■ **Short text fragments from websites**

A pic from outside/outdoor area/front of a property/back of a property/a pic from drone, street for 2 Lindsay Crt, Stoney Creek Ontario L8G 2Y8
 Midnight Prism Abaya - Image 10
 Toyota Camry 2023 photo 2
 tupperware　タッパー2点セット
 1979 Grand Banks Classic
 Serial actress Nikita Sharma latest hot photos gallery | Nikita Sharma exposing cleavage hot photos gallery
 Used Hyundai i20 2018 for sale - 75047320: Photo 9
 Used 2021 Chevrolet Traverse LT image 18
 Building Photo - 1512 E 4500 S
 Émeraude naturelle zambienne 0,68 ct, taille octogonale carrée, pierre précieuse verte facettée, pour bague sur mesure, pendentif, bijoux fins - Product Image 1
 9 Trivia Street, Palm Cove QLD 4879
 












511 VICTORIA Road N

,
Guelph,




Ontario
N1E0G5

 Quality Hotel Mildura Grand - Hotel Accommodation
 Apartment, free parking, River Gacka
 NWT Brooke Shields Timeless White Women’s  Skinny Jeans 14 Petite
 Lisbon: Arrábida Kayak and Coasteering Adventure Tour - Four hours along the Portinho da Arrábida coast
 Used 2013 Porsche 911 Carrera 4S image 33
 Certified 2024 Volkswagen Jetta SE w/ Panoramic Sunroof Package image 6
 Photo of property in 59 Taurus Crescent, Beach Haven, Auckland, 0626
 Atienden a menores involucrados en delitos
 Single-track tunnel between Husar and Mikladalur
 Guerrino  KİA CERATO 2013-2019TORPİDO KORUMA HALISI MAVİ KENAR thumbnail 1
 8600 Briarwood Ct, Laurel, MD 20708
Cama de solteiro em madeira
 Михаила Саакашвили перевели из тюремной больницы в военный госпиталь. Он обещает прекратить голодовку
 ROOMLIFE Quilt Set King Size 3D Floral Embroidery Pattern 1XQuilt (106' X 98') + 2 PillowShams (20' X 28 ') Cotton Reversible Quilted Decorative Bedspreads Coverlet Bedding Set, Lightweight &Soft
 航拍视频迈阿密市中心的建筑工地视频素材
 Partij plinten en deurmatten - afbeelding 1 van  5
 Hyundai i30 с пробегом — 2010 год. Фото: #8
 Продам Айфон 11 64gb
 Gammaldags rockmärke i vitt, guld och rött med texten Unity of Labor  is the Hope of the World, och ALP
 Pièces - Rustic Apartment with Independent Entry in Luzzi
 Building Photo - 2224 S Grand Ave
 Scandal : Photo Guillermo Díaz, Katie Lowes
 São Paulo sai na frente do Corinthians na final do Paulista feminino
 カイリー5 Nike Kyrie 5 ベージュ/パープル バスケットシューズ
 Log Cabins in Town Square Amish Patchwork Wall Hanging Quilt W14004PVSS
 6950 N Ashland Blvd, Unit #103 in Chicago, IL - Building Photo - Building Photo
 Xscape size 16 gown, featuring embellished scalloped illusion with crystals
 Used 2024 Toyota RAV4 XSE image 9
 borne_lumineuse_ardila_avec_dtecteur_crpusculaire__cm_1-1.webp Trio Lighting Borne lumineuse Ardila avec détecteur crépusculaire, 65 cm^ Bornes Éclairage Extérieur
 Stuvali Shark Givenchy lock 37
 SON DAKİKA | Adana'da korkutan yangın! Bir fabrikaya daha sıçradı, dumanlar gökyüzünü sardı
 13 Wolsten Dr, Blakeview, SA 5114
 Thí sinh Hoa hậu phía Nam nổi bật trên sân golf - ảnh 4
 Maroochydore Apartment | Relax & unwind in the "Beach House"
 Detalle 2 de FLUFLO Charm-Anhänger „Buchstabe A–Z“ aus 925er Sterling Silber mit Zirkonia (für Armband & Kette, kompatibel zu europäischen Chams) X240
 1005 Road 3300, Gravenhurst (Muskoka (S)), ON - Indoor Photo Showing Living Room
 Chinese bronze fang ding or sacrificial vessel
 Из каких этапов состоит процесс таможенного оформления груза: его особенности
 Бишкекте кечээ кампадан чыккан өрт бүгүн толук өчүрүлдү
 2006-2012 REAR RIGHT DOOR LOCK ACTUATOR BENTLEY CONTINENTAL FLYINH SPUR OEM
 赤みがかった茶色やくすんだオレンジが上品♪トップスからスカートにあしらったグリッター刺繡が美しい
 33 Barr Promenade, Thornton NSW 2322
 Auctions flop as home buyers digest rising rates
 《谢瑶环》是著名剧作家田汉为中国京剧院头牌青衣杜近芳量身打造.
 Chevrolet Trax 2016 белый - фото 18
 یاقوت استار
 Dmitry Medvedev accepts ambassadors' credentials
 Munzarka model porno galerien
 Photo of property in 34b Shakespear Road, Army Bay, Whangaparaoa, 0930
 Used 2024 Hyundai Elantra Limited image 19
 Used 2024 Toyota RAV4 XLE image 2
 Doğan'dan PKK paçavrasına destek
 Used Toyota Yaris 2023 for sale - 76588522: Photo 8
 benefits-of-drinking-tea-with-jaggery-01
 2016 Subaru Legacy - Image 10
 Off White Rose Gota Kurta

■ **Directions for this task**
What is wanted is the complete set of entries, returned verbatim.

■ **Exercise solution**
A pic from outside/outdoor area/front of a property/back of a property/a pic from drone, street for 2 Lindsay Crt, Stoney Creek Ontario L8G 2Y8
 Midnight Prism Abaya - Image 10
 Toyota Camry 2023 photo 2
 tupperware　タッパー2点セット
 1979 Grand Banks Classic
 Serial actress Nikita Sharma latest hot photos gallery | Nikita Sharma exposing cleavage hot photos gallery
 Used Hyundai i20 2018 for sale - 75047320: Photo 9
 Used 2021 Chevrolet Traverse LT image 18
 Building Photo - 1512 E 4500 S
 Émeraude naturelle zambienne 0,68 ct, taille octogonale carrée, pierre précieuse verte facettée, pour bague sur mesure, pendentif, bijoux fins - Product Image 1
 9 Trivia Street, Palm Cove QLD 4879
 












511 VICTORIA Road N

,
Guelph,




Ontario
N1E0G5

 Quality Hotel Mildura Grand - Hotel Accommodation
 Apartment, free parking, River Gacka
 NWT Brooke Shields Timeless White Women’s  Skinny Jeans 14 Petite
 Lisbon: Arrábida Kayak and Coasteering Adventure Tour - Four hours along the Portinho da Arrábida coast
 Used 2013 Porsche 911 Carrera 4S image 33
 Certified 2024 Volkswagen Jetta SE w/ Panoramic Sunroof Package image 6
 Photo of property in 59 Taurus Crescent, Beach Haven, Auckland, 0626
 Atienden a menores involucrados en delitos
 Single-track tunnel between Husar and Mikladalur
 Guerrino  KİA CERATO 2013-2019TORPİDO KORUMA HALISI MAVİ KENAR thumbnail 1
 8600 Briarwood Ct, Laurel, MD 20708
Cama de solteiro em madeira
 Михаила Саакашвили перевели из тюремной больницы в военный госпиталь. Он обещает прекратить голодовку
 ROOMLIFE Quilt Set King Size 3D Floral Embroidery Pattern 1XQuilt (106' X 98') + 2 PillowShams (20' X 28 ') Cotton Reversible Quilted Decorative Bedspreads Coverlet Bedding Set, Lightweight &Soft
 航拍视频迈阿密市中心的建筑工地视频素材
 Partij plinten en deurmatten - afbeelding 1 van  5
 Hyundai i30 с пробегом — 2010 год. Фото: #8
 Продам Айфон 11 64gb
 Gammaldags rockmärke i vitt, guld och rött med texten Unity of Labor  is the Hope of the World, och ALP
 Pièces - Rustic Apartment with Independent Entry in Luzzi
 Building Photo - 2224 S Grand Ave
 Scandal : Photo Guillermo Díaz, Katie Lowes
 São Paulo sai na frente do Corinthians na final do Paulista feminino
 カイリー5 Nike Kyrie 5 ベージュ/パープル バスケットシューズ
 Log Cabins in Town Square Amish Patchwork Wall Hanging Quilt W14004PVSS
 6950 N Ashland Blvd, Unit #103 in Chicago, IL - Building Photo - Building Photo
 Xscape size 16 gown, featuring embellished scalloped illusion with crystals
 Used 2024 Toyota RAV4 XSE image 9
 borne_lumineuse_ardila_avec_dtecteur_crpusculaire__cm_1-1.webp Trio Lighting Borne lumineuse Ardila avec détecteur crépusculaire, 65 cm^ Bornes Éclairage Extérieur
 Stuvali Shark Givenchy lock 37
 SON DAKİKA | Adana'da korkutan yangın! Bir fabrikaya daha sıçradı, dumanlar gökyüzünü sardı
 13 Wolsten Dr, Blakeview, SA 5114
 Thí sinh Hoa hậu phía Nam nổi bật trên sân golf - ảnh 4
 Maroochydore Apartment | Relax & unwind in the "Beach House"
 Detalle 2 de FLUFLO Charm-Anhänger „Buchstabe A–Z“ aus 925er Sterling Silber mit Zirkonia (für Armband & Kette, kompatibel zu europäischen Chams) X240
 1005 Road 3300, Gravenhurst (Muskoka (S)), ON - Indoor Photo Showing Living Room
 Chinese bronze fang ding or sacrificial vessel
 Из каких этапов состоит процесс таможенного оформления груза: его особенности
 Бишкекте кечээ кампадан чыккан өрт бүгүн толук өчүрүлдү
 2006-2012 REAR RIGHT DOOR LOCK ACTUATOR BENTLEY CONTINENTAL FLYINH SPUR OEM
 赤みがかった茶色やくすんだオレンジが上品♪トップスからスカートにあしらったグリッター刺繡が美しい
 33 Barr Promenade, Thornton NSW 2322
 Auctions flop as home buyers digest rising rates
 《谢瑶环》是著名剧作家田汉为中国京剧院头牌青衣杜近芳量身打造.
 Chevrolet Trax 2016 белый - фото 18
 یاقوت استار
 Dmitry Medvedev accepts ambassadors' credentials
 Munzarka model porno galerien
 Photo of property in 34b Shakespear Road, Army Bay, Whangaparaoa, 0930
 Used 2024 Hyundai Elantra Limited image 19
 Used 2024 Toyota RAV4 XLE image 2
 Doğan'dan PKK paçavrasına destek
 Used Toyota Yaris 2023 for sale - 76588522: Photo 8
 benefits-of-drinking-tea-with-jaggery-01
 2016 Subaru Legacy - Image 10
 Off White Rose Gota Kurta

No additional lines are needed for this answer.